→ **PROMPT**
Leaving out the pictures, output each record exactly as it stands.

→ **DATASET**

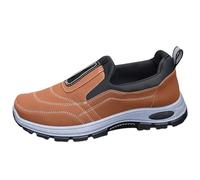 Slip On Safety Walking Shoes Mens, Leisure Soft Bottom Jogging Shoes Solid Color Casual Hiking Shoe Lightweight Breathable Outdoor Footwear Extra Wide Non-Slip Comfortable Running Footwear Brown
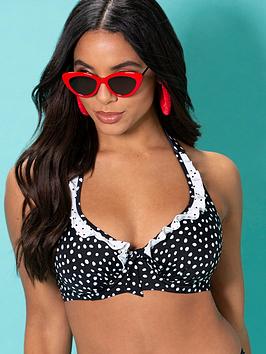 Pour Moi Hot Spots Halter Underwired Bikini Top - Black/White , Multi, Size 32Dd, Women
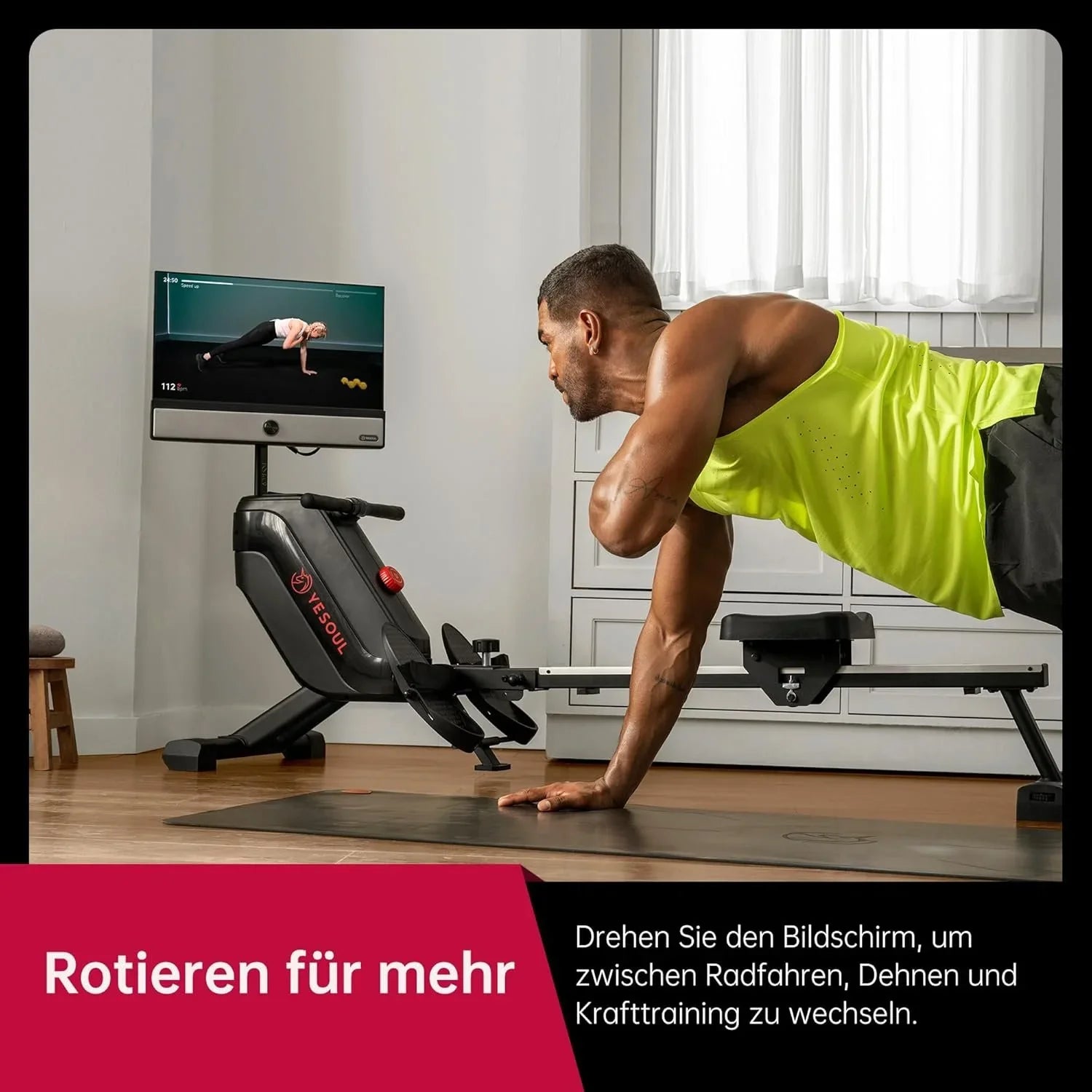 Yesoul Rower R1 Plus 21.5″ HD Screens.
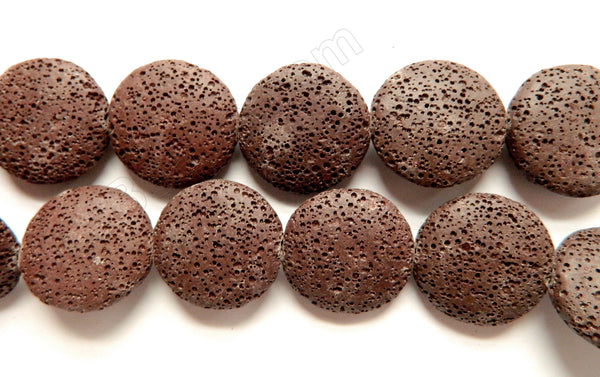 Dark Brown Lava Stone  -  Puff Coins  16"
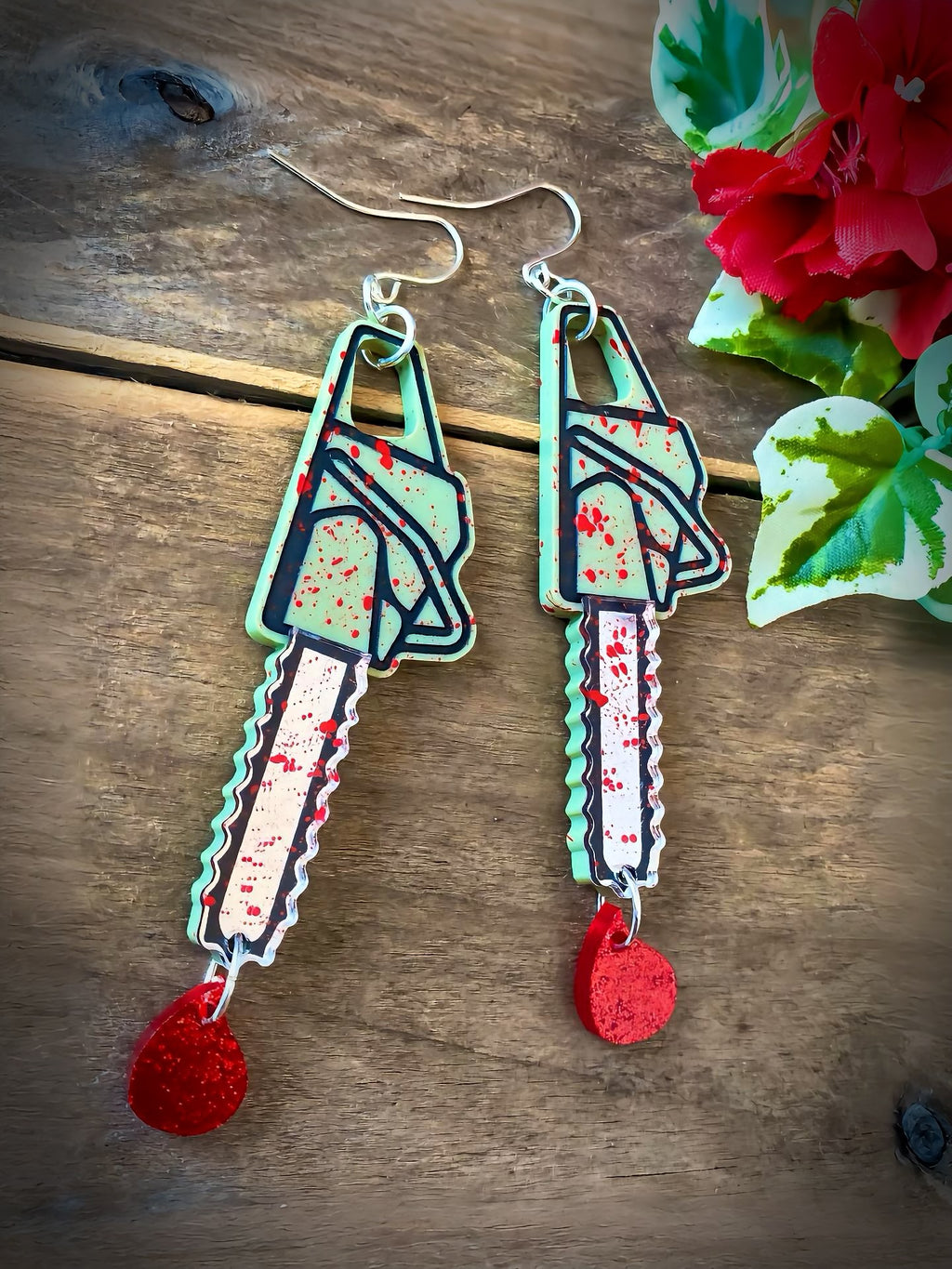 Bloody Chainsaw Earrings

→ **YOUR SOLUTION**
 Slip On Safety Walking Shoes Mens, Leisure Soft Bottom Jogging Shoes Solid Color Casual Hiking Shoe Lightweight Breathable Outdoor Footwear Extra Wide Non-Slip Comfortable Running Footwear Brown
 Pour Moi Hot Spots Halter Underwired Bikini Top - Black/White , Multi, Size 32Dd, Women
 Yesoul Rower R1 Plus 21.5″ HD Screens.
 Dark Brown Lava Stone  -  Puff Coins  16"
 Bloody Chainsaw Earrings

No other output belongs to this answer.